Crawled caption data

□ □ □ □

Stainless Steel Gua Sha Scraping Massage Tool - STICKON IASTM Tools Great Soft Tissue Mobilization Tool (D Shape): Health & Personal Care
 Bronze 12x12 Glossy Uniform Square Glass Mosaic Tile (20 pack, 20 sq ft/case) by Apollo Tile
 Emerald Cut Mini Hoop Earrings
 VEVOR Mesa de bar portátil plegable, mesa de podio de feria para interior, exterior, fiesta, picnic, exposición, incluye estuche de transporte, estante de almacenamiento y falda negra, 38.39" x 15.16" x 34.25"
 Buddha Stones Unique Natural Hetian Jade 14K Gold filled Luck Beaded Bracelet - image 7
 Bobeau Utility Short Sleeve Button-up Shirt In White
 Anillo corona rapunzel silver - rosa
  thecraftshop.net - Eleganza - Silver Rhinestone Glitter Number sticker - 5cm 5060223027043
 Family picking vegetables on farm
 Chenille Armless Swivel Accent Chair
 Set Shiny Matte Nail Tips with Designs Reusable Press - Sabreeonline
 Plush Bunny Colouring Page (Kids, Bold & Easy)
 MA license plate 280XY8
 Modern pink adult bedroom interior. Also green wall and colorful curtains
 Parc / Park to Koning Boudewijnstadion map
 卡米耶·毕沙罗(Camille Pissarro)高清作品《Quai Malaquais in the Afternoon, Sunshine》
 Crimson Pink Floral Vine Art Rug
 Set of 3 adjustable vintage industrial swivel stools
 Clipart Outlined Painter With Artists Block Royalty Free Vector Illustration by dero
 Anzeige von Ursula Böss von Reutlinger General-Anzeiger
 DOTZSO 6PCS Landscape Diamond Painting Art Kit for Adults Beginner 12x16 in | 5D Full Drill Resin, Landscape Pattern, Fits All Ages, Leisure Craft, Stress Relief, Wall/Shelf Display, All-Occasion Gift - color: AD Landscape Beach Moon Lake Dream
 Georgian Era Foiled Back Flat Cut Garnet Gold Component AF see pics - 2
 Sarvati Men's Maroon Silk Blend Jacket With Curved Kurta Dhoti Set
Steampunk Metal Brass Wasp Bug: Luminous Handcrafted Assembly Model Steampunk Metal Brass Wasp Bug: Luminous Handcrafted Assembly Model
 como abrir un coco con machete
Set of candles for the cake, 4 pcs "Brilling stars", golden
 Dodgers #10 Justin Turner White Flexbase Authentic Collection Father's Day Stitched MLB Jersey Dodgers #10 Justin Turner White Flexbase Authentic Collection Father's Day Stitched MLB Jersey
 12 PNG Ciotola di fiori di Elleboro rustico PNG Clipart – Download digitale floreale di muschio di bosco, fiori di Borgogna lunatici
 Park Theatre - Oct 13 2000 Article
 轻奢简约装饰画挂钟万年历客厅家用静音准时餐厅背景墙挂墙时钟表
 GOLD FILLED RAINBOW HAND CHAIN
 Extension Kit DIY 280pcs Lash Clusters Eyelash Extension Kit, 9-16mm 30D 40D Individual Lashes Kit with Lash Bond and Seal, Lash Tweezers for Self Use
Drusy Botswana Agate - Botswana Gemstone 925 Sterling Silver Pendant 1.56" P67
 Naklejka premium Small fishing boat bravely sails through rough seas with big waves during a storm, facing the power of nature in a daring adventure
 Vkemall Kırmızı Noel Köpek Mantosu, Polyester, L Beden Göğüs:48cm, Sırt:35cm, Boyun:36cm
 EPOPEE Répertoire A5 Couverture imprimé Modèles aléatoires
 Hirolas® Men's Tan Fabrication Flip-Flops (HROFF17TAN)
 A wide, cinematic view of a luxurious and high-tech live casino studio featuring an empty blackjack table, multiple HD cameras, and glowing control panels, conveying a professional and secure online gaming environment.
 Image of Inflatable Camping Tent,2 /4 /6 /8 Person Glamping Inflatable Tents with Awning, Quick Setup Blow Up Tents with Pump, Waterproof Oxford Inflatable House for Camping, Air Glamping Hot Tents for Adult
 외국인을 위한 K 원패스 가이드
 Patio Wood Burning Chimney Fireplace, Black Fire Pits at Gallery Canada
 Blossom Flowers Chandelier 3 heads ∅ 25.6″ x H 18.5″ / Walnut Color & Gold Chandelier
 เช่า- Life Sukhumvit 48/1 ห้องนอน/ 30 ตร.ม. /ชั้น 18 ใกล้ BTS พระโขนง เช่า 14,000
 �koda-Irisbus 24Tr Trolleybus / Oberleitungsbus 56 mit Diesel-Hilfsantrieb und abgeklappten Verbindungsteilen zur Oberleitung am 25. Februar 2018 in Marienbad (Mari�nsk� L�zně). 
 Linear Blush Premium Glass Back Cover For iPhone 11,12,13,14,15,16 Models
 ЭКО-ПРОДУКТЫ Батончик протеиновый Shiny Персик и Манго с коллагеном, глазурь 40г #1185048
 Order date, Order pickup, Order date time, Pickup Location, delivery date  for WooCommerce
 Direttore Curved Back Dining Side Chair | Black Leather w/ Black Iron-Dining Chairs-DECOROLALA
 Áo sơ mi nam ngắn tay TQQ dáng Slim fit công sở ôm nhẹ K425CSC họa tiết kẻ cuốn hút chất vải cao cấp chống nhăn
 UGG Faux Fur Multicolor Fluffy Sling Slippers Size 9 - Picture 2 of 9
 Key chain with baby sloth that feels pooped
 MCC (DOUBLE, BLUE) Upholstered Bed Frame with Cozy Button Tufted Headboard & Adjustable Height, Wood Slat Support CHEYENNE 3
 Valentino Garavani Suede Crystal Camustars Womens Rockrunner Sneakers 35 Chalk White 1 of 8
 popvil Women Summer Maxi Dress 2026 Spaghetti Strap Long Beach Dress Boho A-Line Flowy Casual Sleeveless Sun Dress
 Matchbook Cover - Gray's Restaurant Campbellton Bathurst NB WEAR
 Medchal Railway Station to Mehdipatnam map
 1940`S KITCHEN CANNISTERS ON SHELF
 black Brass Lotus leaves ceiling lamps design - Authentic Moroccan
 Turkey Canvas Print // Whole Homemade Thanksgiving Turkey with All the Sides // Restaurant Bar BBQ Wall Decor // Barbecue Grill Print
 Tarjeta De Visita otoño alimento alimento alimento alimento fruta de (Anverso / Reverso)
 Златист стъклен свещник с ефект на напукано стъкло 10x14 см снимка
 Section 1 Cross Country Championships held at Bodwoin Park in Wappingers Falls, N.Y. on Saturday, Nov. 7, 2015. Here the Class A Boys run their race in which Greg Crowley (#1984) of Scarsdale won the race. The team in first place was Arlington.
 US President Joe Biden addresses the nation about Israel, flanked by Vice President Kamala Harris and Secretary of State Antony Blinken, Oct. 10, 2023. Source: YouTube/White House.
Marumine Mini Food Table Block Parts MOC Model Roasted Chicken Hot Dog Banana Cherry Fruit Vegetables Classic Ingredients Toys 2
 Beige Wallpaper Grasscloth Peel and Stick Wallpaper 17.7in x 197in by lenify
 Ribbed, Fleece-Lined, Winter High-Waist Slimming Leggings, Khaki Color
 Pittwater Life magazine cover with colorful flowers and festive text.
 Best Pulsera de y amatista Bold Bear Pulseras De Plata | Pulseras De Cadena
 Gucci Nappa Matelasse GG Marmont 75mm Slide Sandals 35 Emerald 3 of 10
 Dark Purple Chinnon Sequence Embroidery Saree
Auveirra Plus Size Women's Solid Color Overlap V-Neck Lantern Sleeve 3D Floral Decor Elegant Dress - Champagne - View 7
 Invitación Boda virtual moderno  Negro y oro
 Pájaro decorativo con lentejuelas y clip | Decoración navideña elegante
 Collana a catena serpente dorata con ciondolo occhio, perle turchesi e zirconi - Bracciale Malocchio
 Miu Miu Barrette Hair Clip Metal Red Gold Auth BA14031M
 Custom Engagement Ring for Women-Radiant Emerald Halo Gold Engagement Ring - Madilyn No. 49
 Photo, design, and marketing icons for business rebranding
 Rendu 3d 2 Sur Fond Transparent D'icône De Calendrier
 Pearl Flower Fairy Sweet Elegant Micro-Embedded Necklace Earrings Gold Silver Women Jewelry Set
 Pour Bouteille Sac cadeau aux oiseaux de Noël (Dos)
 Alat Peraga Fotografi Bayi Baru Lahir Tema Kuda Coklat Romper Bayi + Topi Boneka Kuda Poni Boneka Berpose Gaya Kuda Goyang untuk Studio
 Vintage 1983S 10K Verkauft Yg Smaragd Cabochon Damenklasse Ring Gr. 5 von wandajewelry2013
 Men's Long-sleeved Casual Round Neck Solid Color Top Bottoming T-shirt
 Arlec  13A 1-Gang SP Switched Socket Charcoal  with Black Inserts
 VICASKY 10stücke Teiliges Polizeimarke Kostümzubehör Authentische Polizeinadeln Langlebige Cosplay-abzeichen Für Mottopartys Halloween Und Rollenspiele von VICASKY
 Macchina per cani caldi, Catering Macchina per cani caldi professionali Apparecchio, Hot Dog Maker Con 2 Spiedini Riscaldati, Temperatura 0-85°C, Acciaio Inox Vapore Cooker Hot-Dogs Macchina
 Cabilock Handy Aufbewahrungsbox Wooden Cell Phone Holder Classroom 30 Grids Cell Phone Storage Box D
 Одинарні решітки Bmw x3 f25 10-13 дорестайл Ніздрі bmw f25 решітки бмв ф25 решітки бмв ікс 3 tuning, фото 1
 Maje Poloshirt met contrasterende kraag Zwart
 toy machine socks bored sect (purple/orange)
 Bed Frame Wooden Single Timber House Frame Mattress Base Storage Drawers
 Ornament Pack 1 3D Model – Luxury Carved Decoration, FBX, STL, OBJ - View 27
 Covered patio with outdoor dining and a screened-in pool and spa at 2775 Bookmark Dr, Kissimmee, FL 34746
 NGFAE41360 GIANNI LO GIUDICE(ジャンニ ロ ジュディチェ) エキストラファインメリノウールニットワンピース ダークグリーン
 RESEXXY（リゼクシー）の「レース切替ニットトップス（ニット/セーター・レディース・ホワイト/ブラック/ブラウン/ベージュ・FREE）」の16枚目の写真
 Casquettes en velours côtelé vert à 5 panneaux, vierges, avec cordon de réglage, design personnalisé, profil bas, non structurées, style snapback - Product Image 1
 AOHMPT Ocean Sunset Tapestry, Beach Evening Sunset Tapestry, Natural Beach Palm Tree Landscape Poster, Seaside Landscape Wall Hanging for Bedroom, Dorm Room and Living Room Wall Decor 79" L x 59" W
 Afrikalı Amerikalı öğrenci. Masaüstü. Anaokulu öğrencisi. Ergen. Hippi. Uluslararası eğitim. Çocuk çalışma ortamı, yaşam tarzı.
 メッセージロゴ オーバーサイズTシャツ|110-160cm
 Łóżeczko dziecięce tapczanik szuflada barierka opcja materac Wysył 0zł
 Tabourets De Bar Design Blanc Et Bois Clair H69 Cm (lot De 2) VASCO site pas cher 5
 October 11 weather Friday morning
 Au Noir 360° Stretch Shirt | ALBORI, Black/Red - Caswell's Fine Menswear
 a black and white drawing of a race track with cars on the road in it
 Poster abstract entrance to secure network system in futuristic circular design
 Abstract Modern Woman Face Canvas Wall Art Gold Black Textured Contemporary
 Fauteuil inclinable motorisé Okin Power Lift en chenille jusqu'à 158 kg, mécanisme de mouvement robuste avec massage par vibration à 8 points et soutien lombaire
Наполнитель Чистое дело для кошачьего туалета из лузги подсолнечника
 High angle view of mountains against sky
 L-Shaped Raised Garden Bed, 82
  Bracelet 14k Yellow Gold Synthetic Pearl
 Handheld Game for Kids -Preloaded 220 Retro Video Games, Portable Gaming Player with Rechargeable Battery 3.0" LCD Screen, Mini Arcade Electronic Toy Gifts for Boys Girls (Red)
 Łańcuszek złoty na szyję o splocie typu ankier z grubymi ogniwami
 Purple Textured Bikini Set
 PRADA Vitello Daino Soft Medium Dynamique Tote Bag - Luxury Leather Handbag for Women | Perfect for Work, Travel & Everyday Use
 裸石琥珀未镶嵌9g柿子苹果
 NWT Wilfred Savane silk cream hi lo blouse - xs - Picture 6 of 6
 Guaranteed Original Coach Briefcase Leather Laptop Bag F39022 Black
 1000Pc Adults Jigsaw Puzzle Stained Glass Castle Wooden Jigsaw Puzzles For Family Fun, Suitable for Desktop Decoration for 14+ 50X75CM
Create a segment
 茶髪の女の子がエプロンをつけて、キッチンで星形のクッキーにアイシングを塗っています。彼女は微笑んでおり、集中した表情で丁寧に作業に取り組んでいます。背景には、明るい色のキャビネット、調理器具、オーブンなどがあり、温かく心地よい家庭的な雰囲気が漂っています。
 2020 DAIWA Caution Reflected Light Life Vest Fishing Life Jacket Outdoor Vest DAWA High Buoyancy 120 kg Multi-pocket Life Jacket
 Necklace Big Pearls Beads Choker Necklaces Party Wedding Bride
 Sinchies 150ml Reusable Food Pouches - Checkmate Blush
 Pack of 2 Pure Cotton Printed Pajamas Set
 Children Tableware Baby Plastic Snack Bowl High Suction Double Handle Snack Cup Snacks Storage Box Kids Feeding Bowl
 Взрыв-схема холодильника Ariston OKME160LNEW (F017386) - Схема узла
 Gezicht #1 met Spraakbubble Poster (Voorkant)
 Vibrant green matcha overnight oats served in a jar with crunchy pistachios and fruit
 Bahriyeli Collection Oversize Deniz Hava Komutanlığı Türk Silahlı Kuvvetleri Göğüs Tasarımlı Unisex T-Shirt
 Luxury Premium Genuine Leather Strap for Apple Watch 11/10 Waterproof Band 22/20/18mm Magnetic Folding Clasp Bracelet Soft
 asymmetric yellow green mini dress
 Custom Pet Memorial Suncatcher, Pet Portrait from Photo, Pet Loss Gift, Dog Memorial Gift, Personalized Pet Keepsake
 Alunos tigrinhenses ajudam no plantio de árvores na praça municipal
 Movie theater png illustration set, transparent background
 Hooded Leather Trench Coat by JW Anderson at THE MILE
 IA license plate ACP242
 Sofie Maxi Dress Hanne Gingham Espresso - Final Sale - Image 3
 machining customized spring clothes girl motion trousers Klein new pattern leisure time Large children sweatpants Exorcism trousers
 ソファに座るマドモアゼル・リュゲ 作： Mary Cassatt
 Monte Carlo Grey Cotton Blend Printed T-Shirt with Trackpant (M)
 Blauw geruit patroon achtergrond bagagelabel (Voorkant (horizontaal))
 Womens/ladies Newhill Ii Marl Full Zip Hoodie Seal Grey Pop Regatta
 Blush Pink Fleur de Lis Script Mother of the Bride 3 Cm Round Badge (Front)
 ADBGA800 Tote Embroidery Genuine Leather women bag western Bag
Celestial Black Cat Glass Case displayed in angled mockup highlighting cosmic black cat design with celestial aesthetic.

□ □ □ □

## Work request
Would you retype the lines above from the one with "DOTZSO 6PCS Landscape" down to the one with "Sarvati Men's Maroon", word for word, both ends included and no other lines?

## Solved exercise
 DOTZSO 6PCS Landscape Diamond Painting Art Kit for Adults Beginner 12x16 in | 5D Full Drill Resin, Landscape Pattern, Fits All Ages, Leisure Craft, Stress Relief, Wall/Shelf Display, All-Occasion Gift - color: AD Landscape Beach Moon Lake Dream
 Georgian Era Foiled Back Flat Cut Garnet Gold Component AF see pics - 2
 Sarvati Men's Maroon Silk Blend Jacket With Curved Kurta Dhoti Set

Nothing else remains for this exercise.